Make an exact copy, from the records below, of the lines from the line containing "Приціл Hawke Fast" to the line containing "SMC Combination Filter", both lines included, excluding pictures.

## MATERIAL FOR THE TASK
>>

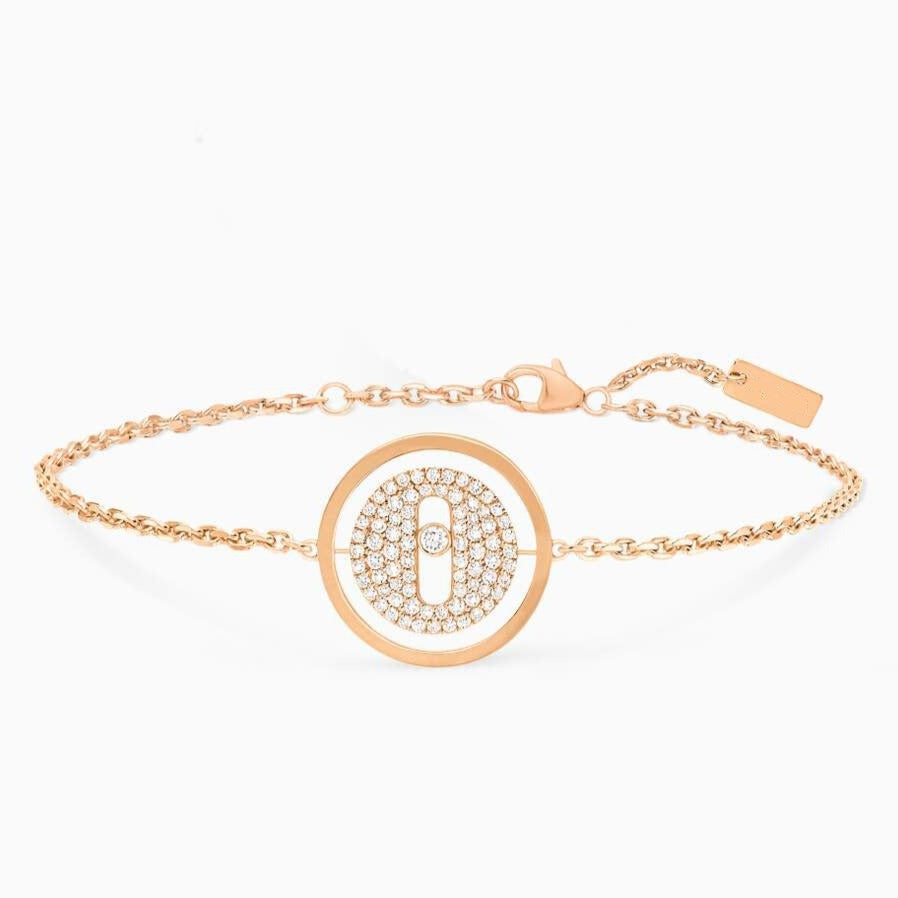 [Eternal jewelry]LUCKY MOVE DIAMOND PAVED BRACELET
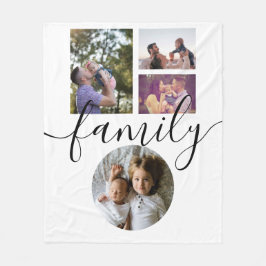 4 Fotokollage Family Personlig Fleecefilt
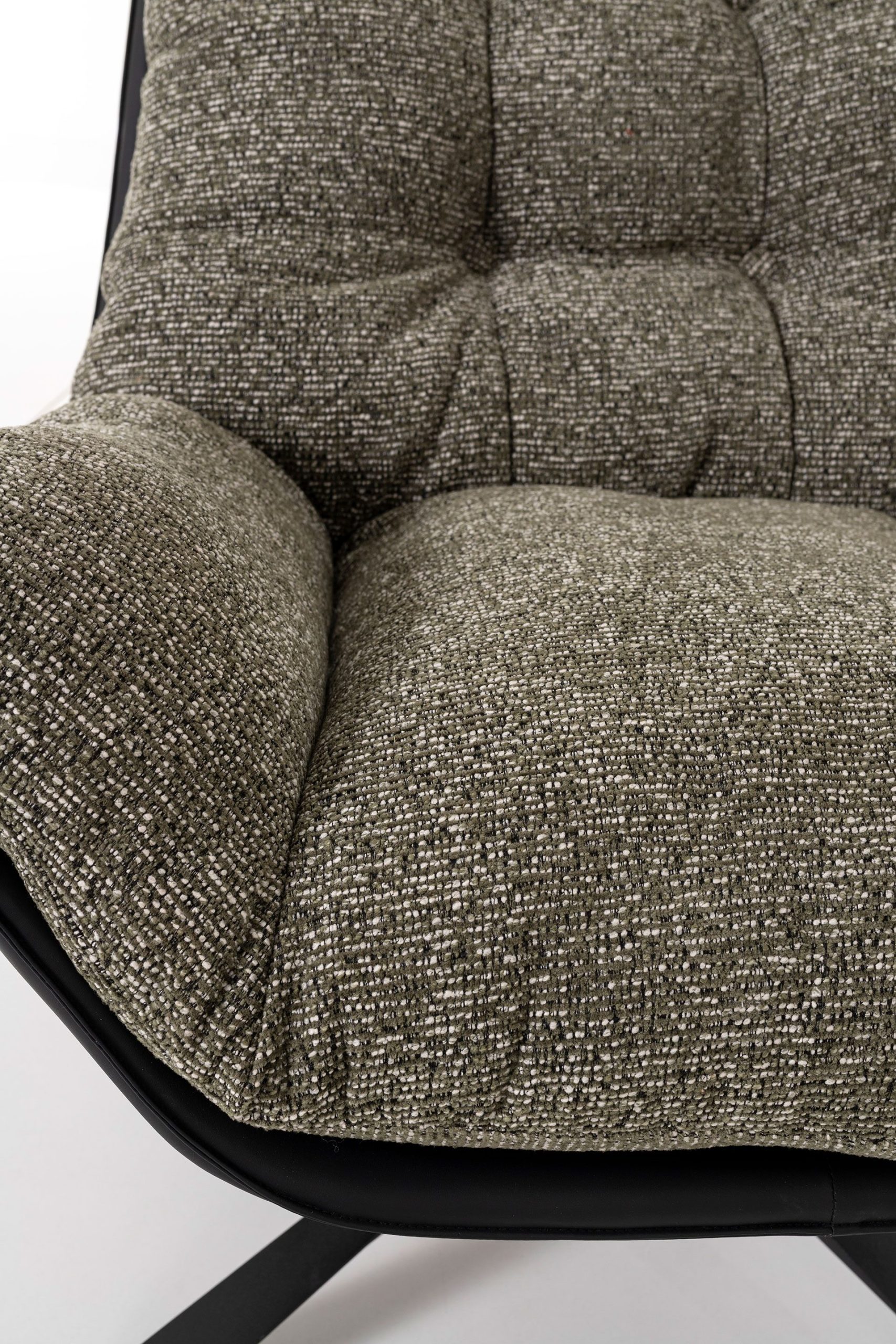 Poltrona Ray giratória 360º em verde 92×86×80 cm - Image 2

<<
>>

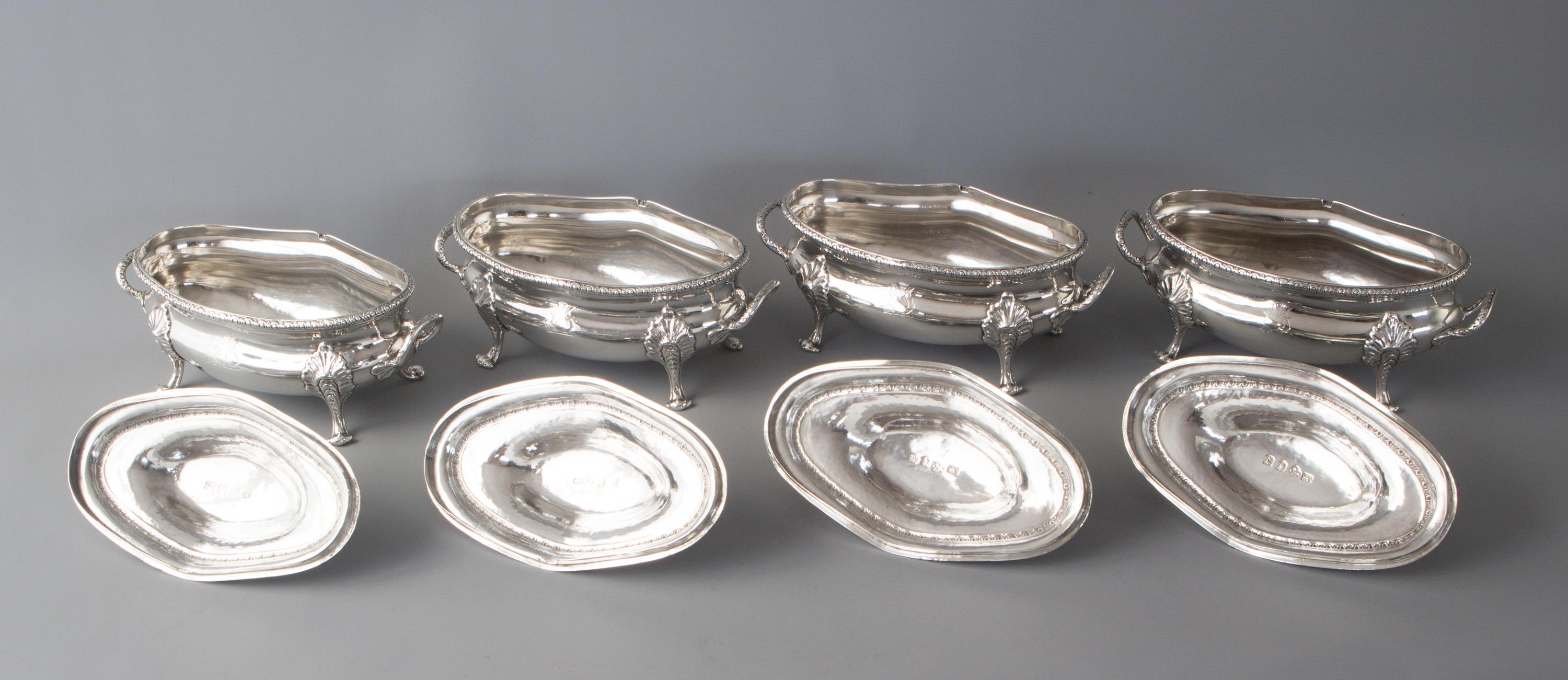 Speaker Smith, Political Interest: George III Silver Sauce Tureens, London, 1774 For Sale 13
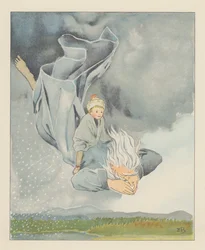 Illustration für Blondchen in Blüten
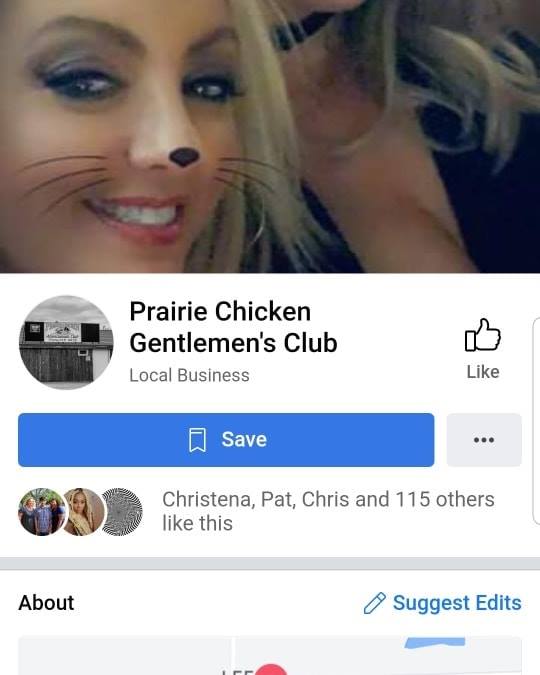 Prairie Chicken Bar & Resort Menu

<<
>>

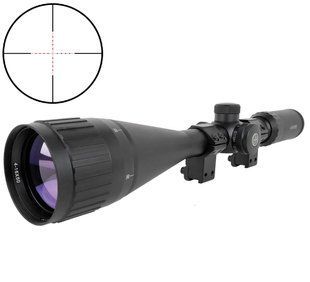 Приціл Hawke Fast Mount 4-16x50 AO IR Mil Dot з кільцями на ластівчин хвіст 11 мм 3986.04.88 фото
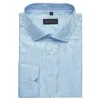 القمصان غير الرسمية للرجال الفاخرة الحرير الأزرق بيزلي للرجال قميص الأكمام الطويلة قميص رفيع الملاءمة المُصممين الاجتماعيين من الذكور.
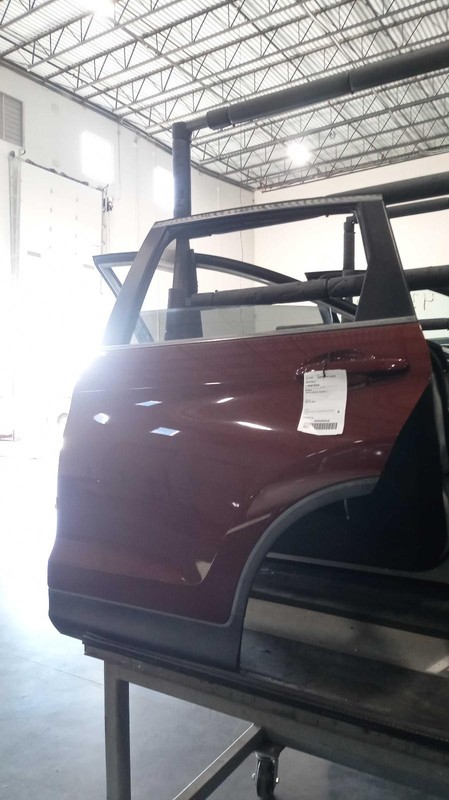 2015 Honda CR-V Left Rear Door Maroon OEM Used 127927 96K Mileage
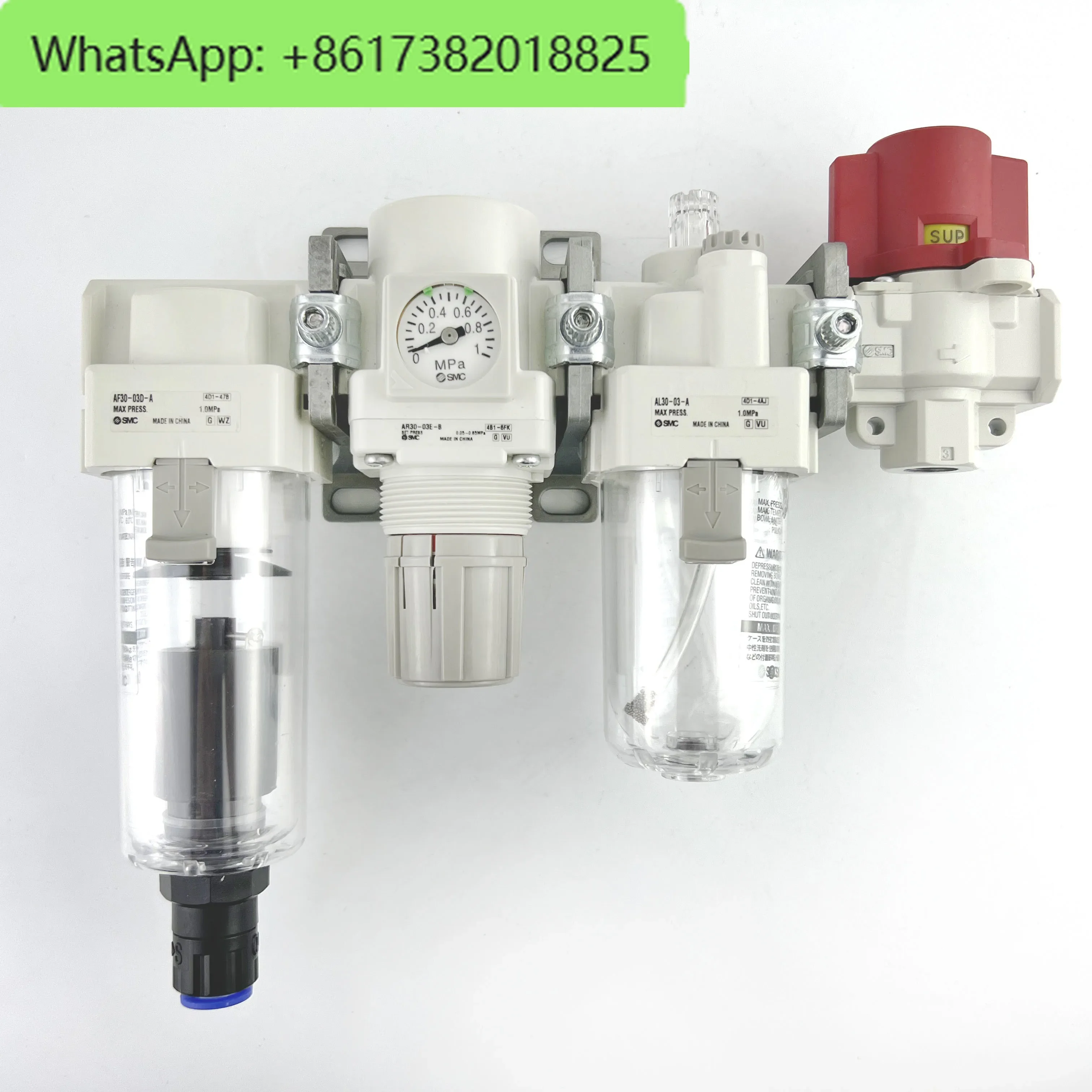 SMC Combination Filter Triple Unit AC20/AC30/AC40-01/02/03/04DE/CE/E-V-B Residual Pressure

<<

## TASK ANSWER
 Приціл Hawke Fast Mount 4-16x50 AO IR Mil Dot з кільцями на ластівчин хвіст 11 мм 3986.04.88 фото
 القمصان غير الرسمية للرجال الفاخرة الحرير الأزرق بيزلي للرجال قميص الأكمام الطويلة قميص رفيع الملاءمة المُصممين الاجتماعيين من الذكور.
 2015 Honda CR-V Left Rear Door Maroon OEM Used 127927 96K Mileage
 SMC Combination Filter Triple Unit AC20/AC30/AC40-01/02/03/04DE/CE/E-V-B Residual Pressure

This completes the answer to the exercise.